軽自動車
〜後編〜
ふと一つしかない出入り口を見ると、その出入り口をふさぐ形で軽自動車が停車していた。全身総毛だった。
俺『どうしよ。なんか待ち伏せしてるみたいやで・・・。』
Aに喋りかけたがAは先ほどからうつむいたままこちらを見ようともしなかった。もともと気の強い方ではないAの事だ。かなりテンパッる事は見ても分かるとおりだった。俺がしっかりしなきゃいけない。
それよりも先ほどぶつけられている事も気になっていた。傷でも付けられていたら弁償してもらわなきゃいけない。立派な接触事故だ。
怯えてテンパッてるAを見ているのとぶつけられ煽られた事に腹が立ってきた俺は、なんであんなのにこっちがおびえなきゃいけないんだという気になってきて恐怖より怒りが前に出てきた。
俺はAに
俺『ちょっと文句言ってくる。』
と、捨て台詞をはいて車から降りて軽自動車の方へ歩いていった。もちろんAは物凄い剣幕で反対してきたが降りてしまえば関係ない。何でも出てきやがれって感じで怒りを前面に出して相手のほうへ歩いていった。
軽に近づいて不思議に思ったが、中にどんな奴が乗っているか分からない。前面までスモークフィルムを貼ってるのか?とか馬鹿なことを考えながら軽自動車の運転席の窓ガラスをノックした。
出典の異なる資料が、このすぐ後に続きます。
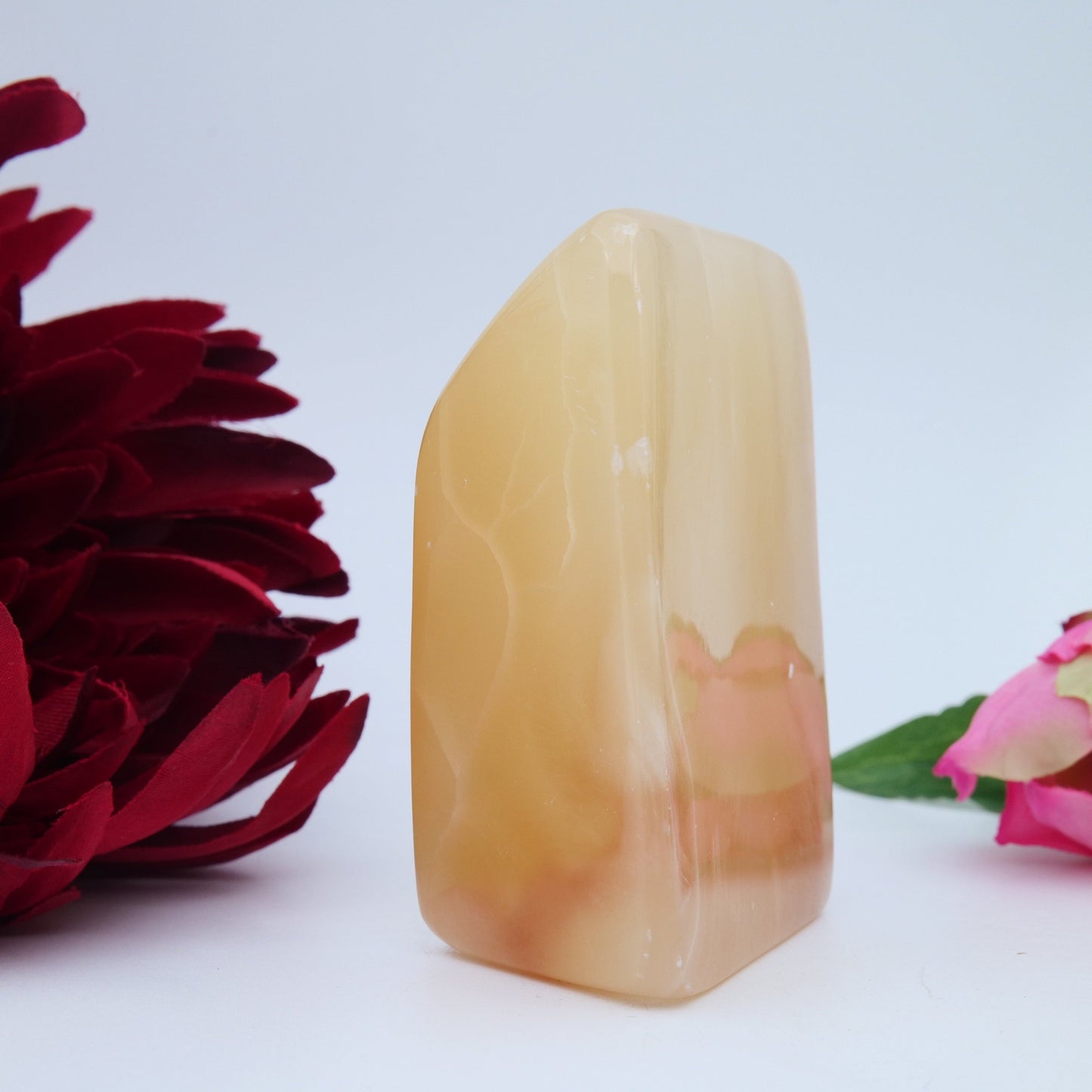 Honey Calcite — 304 g - Luna Panther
すると、運転席側の窓がすーっと開いた。中を見た俺は一瞬目を疑ったがもう一度じっくり確認してそして・・・。一目散に車のほうへ逃げ帰った。今まで生きてきた中で一番早く走って一番大きな声を出しながら・・・。
車の窓が開いた時、中には・・・・
人が乗っていた。いやそもそも人なんだろうか。それも何人も。
4人乗りの車に5人とかそんなに生易しい物ではなかった。もうギュウギュウ詰め、例えるなら通勤ラッシュの満員電車状態である。
隙間がないくらいびっちりと狭い軽自動車の車内が人で埋まっていたのである。上下左右人の向きは関係なくテトリスで隙間なく積み上げていくブロックのように・・・。しかも全員顔色が真っ青で目が空洞の様になっていた。老若男女いろんな人・・・。その苦しそうな体勢の人たちが一斉に窓の外に立っている俺のほうに顔を向けているのである。首が180度回っている奴もいた。
結局中が見えなかったのは人で車内が埋まっていたからである。
車に戻ると慌てて車を発進させた。Aは何も言わずうつむいてガチガチ震えていた。恐怖でパニクってた俺はとにかくこの駐車場から出なきゃいけない、逃げなきゃいけないと思い、強引ではあるが出入り口に止まっている軽と柵の間のスペースに車を滑り込ませて無理矢理すり抜けようとした。左の柵に当たった。
バリバリといやな音を立てて車と柵が悲鳴を上げた。しかしそれどころじゃなかった。隣にある軽の方を見ないようにして思いっきりアクセルを踏んだ。
車の頭が駐車場から道に入った瞬間、ついうっかり右を見てしまった。視界に軽自動車が入った。中の人が全員こちらを見て笑っているように見えた。
そこで物凄い衝撃を食らって意識がなくなった。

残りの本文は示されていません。